* Instructions for the task:
Would you return, word for word, the lines running from the one with "Cover of Pictorial" to the final line of the listing below, pictures omitted?

* Data:
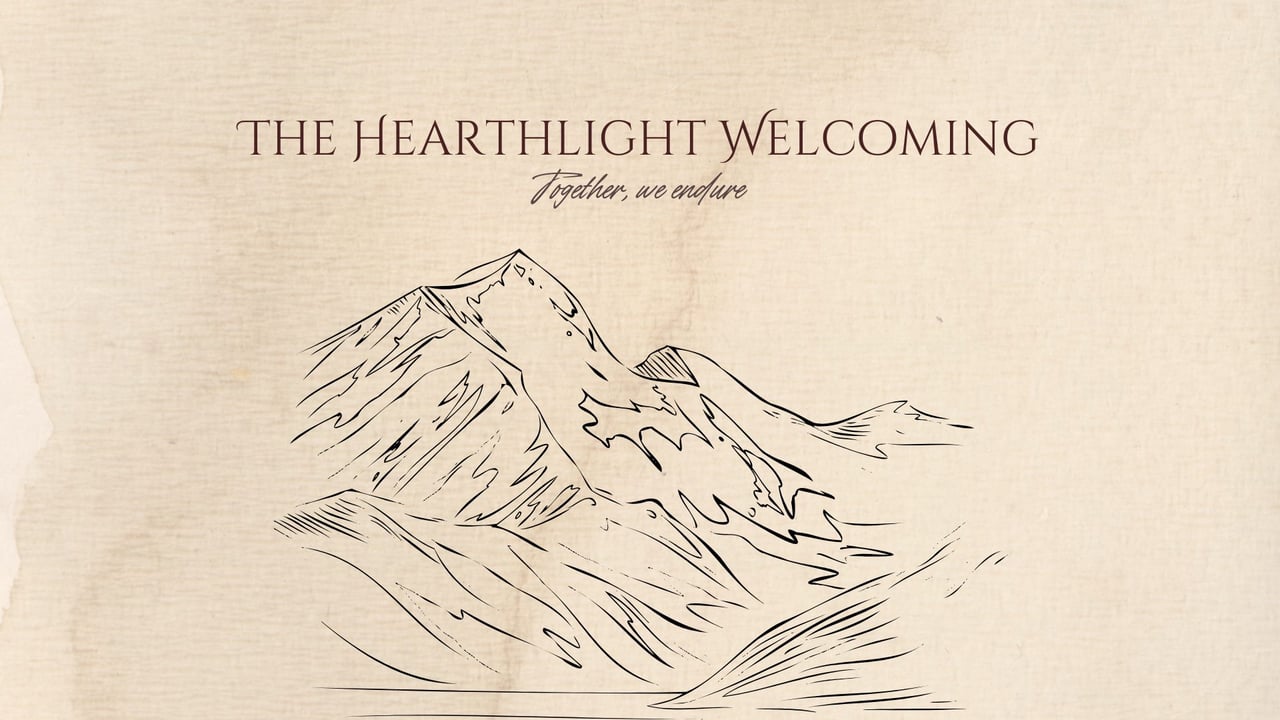 The Hearthlight Welcoming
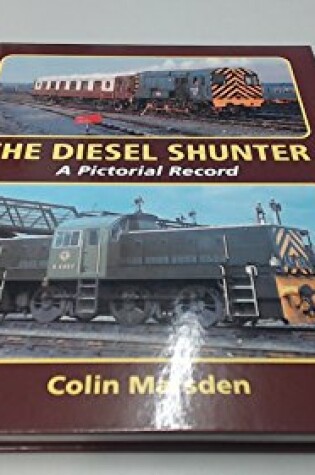 Cover of Pictorial Record of the Diesel Shunter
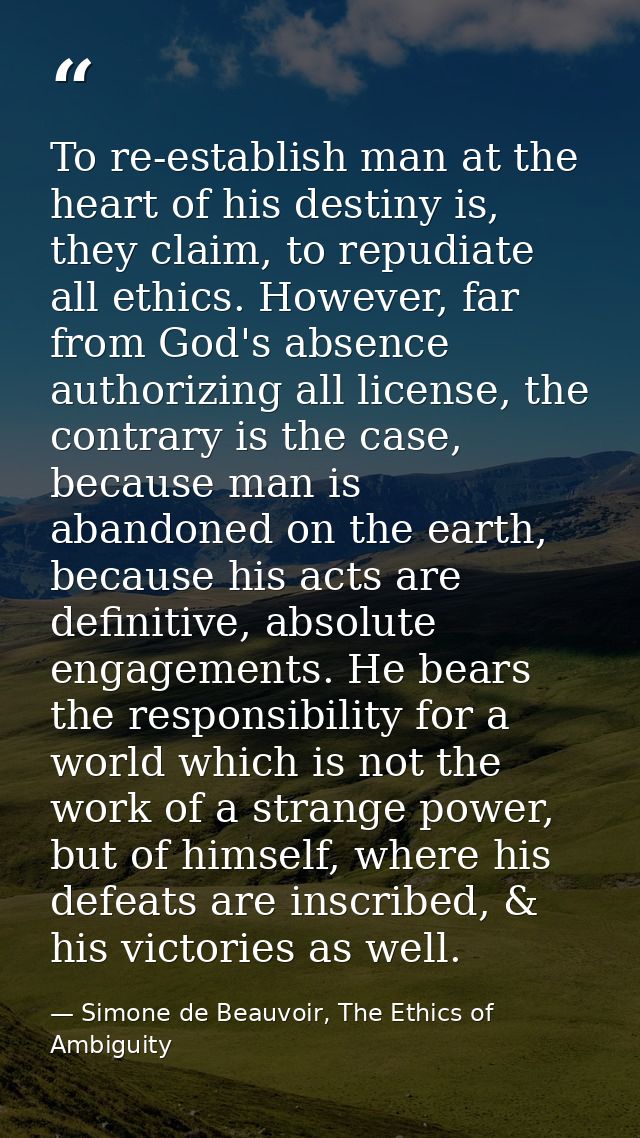 To re-establish man at the heart of his destiny is, they claim, to repudiate all ethics. However, far from God's absence — Simone de Beauvoir, The Ethics of Ambiguity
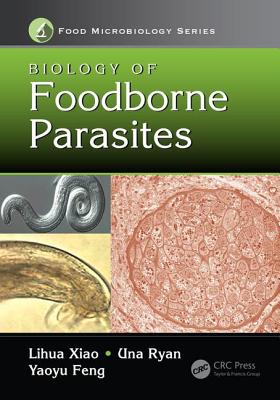 Biology of Foodborne Parasites - Xiao, Lihua (Editor), and Ryan, Una (Editor), and Feng, Yaoyu (Editor)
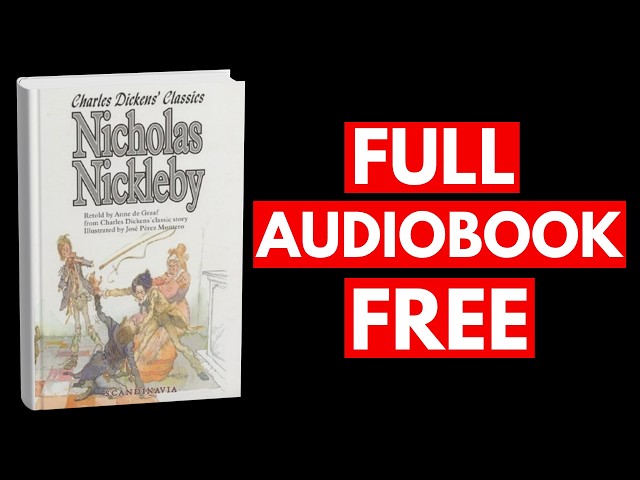 Nicholas Nickleby by Anne de Graaf [Audiobook Free Listening Guide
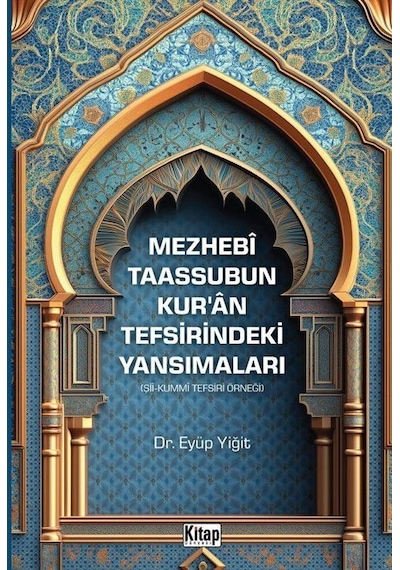 Mezhebi Taassubun Kur'an Tefsirindeki Yansımaları Şii-kummi T...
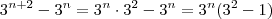 3^{n+2} - 3^n = 3^n \cdot 3^2 - 3^n = 3^n (3^2 - 1) 3^{n+2} - 3^n = 3^n \cdot 3^2 - 3^n = 3^n (3^2 - 1)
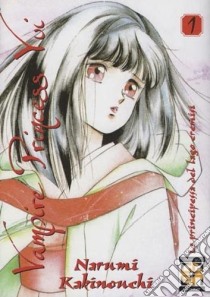 Vampire princess Yui. Vol. 1 libro di Kakinouchi Narumi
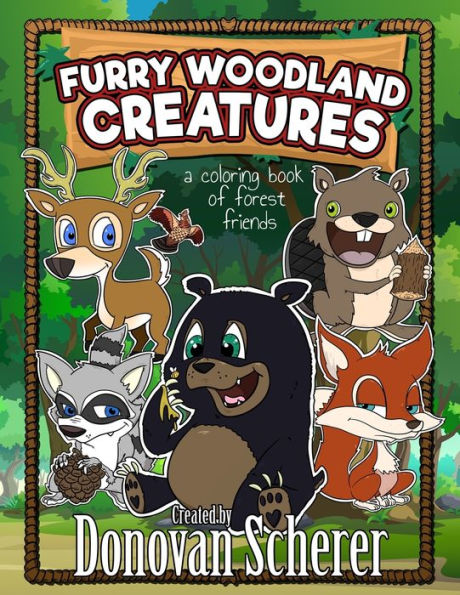 Furry Woodland Creatures: A Coloring Book Of Forest Friends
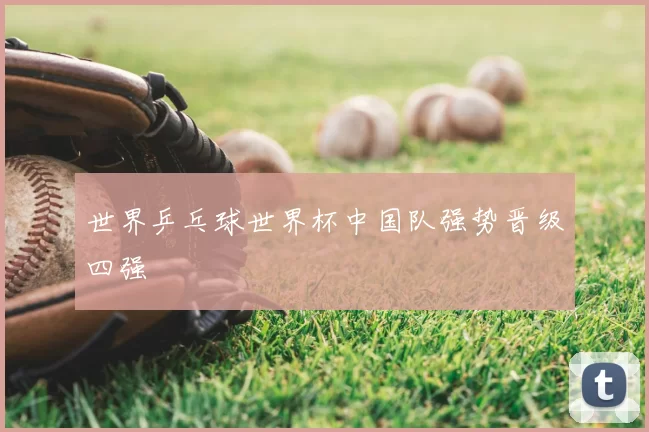 世界乒乓球世界杯中国队强势晋级四强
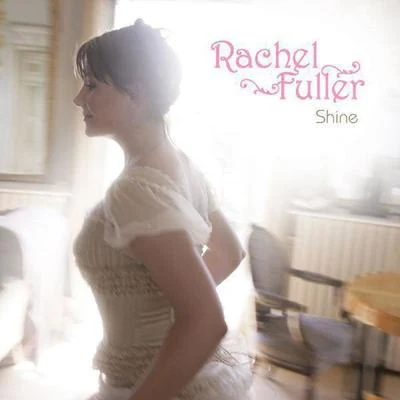 Shine 專輯 Rachel Fuller/The Royal Philharmonic Orchestra/Chamber Choir of London/Robert Ziegler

* Result:
 Cover of Pictorial Record of the Diesel Shunter
 To re-establish man at the heart of his destiny is, they claim, to repudiate all ethics. However, far from God's absence — Simone de Beauvoir, The Ethics of Ambiguity
 Biology of Foodborne Parasites - Xiao, Lihua (Editor), and Ryan, Una (Editor), and Feng, Yaoyu (Editor)
 Nicholas Nickleby by Anne de Graaf [Audiobook Free Listening Guide
 Mezhebi Taassubun Kur'an Tefsirindeki Yansımaları Şii-kummi T...
 3^{n+2} - 3^n = 3^n \cdot 3^2 - 3^n = 3^n (3^2 - 1) 3^{n+2} - 3^n = 3^n \cdot 3^2 - 3^n = 3^n (3^2 - 1)
 Vampire princess Yui. Vol. 1 libro di Kakinouchi Narumi
 Furry Woodland Creatures: A Coloring Book Of Forest Friends
 世界乒乓球世界杯中国队强势晋级四强
 Shine 專輯 Rachel Fuller/The Royal Philharmonic Orchestra/Chamber Choir of London/Robert Ziegler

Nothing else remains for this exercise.